Dosya içeriğine göre, tapusuz taşınmazın tescili davasına konu edilen ve hükme esas alınan teknik bilirkişi raporunda (A) harfi ile gösterilen 57,33 metrekare yüz ölçümündeki nizalı taşınmaz bölümünün değeri 3.122,76 TL olup belirlenen miktarın İlk Derece Mahkemesinin karar tarihi itibariyle istinaf kesinlik sınırı olan 5.880,00 TL’nin altında kaldığı ve somut olayda 3402 sayılı Kadastro Kanunu'nun ek 6. maddesinin de uygulama yerinin bulunmadığı anlaşılmıştır.
Bölge adliye mahkemelerinin nihai kararlarının bozulması 6100 sayılı Kanun'un 371. maddesinde yer alan sebeplerden birinin varlığı hâlinde mümkündür.
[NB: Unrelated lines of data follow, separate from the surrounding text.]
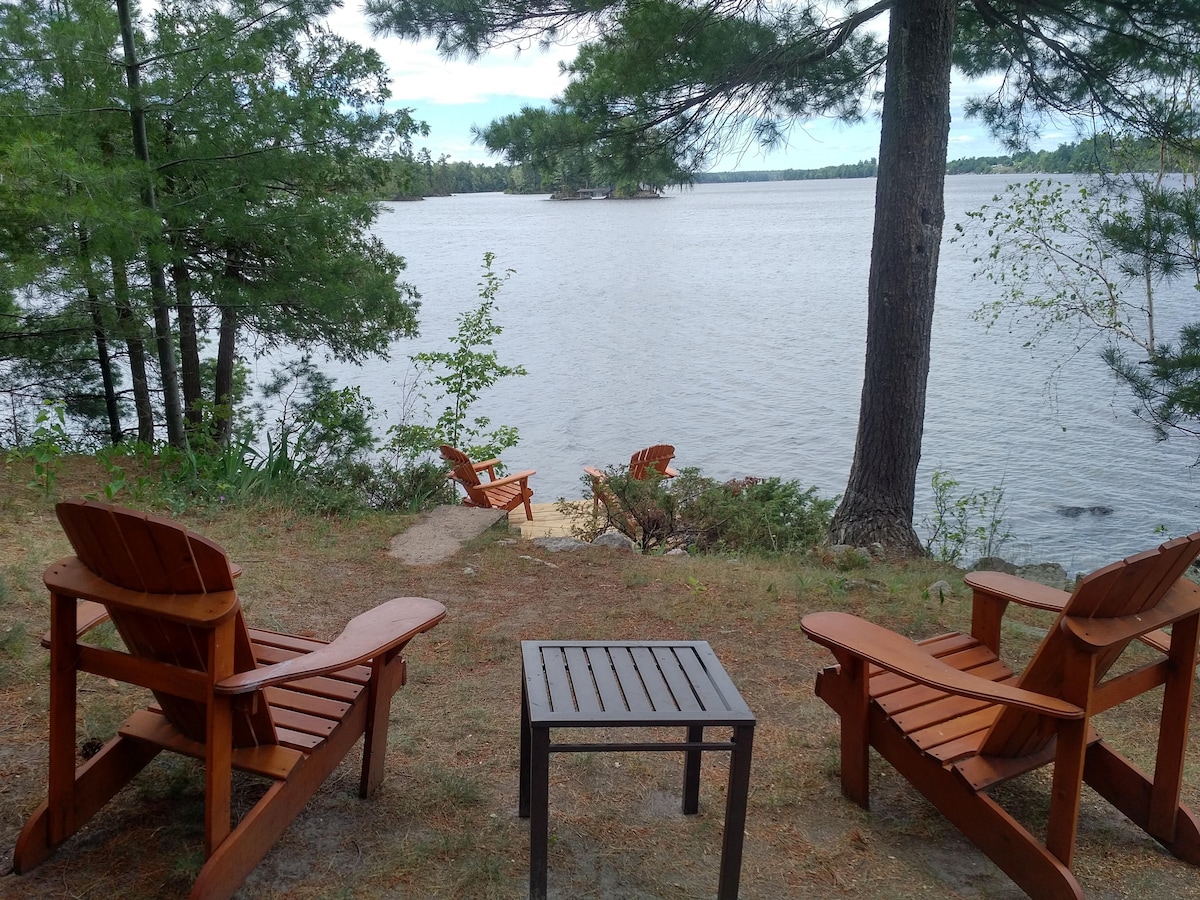 Two wooden adirondack chairs are positioned on a grassy area overlooking the water. A small table is placed between them. Surrounding trees provide shade, while a sandy section of the beach can be seen in the distance, contributing to the natural setting.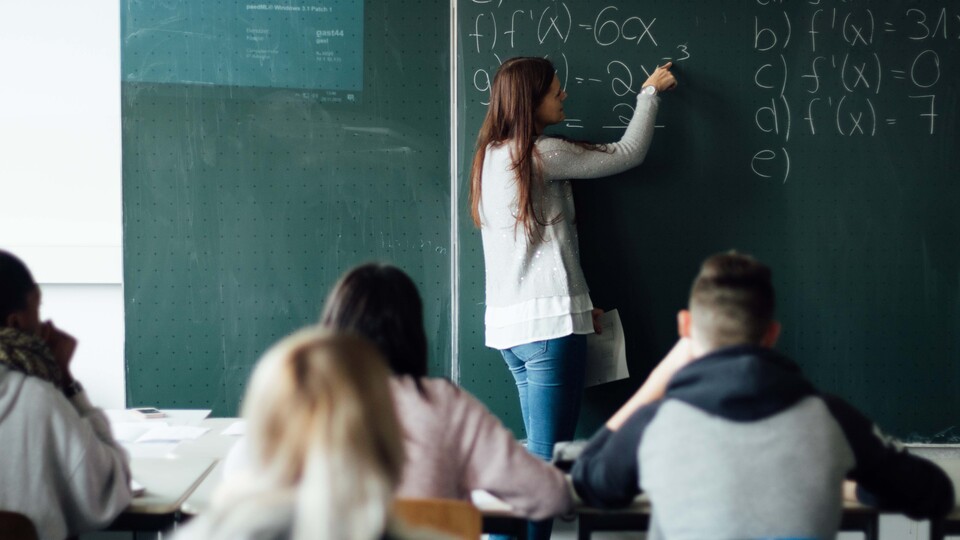 Lehererin vor Klasse an Tafel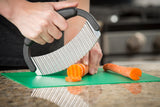 A person uses a crinkle food cutter with a stainless steel blade to slice a carrot on a green cutting board in the kitchen. The hand grips the black handle firmly, and wavy carrot slices are visible near the stove.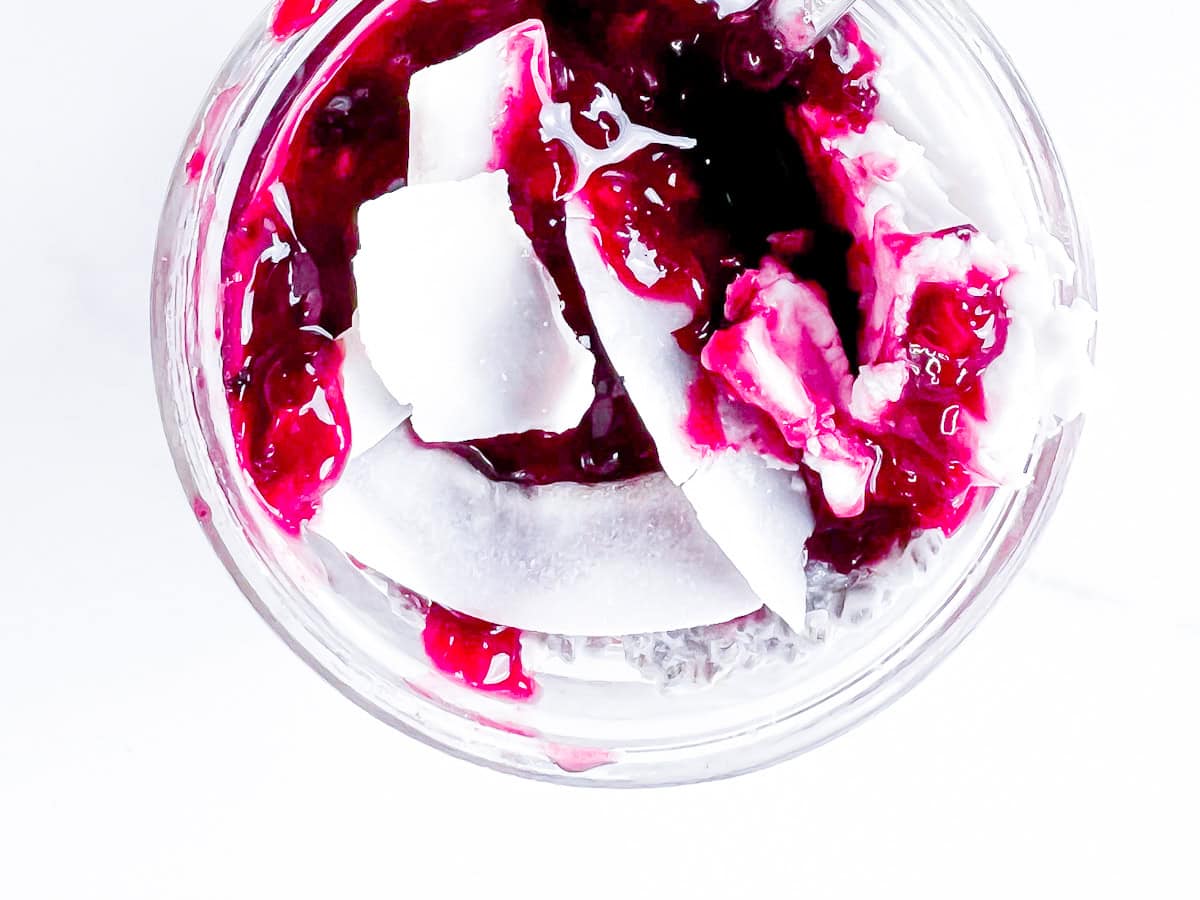 Chia pudding topped with berry compote and coconut flakes.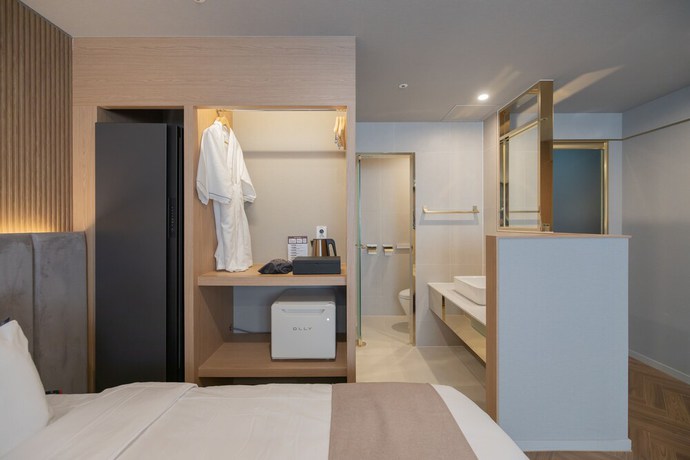 Imagen de la habitación del Hotel DongRae Denbasta. Foto 18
Temyizen incelenen karar, tarafların karşılıklı iddia ve savunmalarına, dayandıkları belgelere, uyuşmazlığa uygulanması gereken hukuk kuralları ile hukuki ilişkinin nitelendirilmesine, dava şartlarına, yargılama kuralları ile kararda belirtilen gerekçelere göre usul ve kanuna uygun olup davacı vekilinin temyiz dilekçesinde ileri sürülen sebepler kararın bozulmasını gerektirecek nitelikte görülmemiştir.
KARAR
Açıklanan sebeplerle;
Davacı vekilinin temyiz itirazının reddi ile Bölge Adliye Mahkemesi kararının 6100 sayılı Kanun'un 370. maddesinin birinci fıkrası uyarınca ONANMASINA,
Aşağıda yazılı 345,55 TL bakiye onama harcının temyiz eden davacıdan alınmasına,
03.10.2024 tarihinde yürürlüğe giren Avukatlık Asgari Ücret Tarifesi uyarınca duruşmaya gelen temyiz edilen davalı Hazine vekili için 28.000,00 TL duruşma vekalet ücretinin davacıdan alınmasına,
Dosyanın İlk Derece Mahkemesine, kararın bir örneğinin Bölge Adliye Mahkemesine gönderilmesine,
29.04.2025 tarihinde kesin olmak üzere oy birliğiyle karar verildi.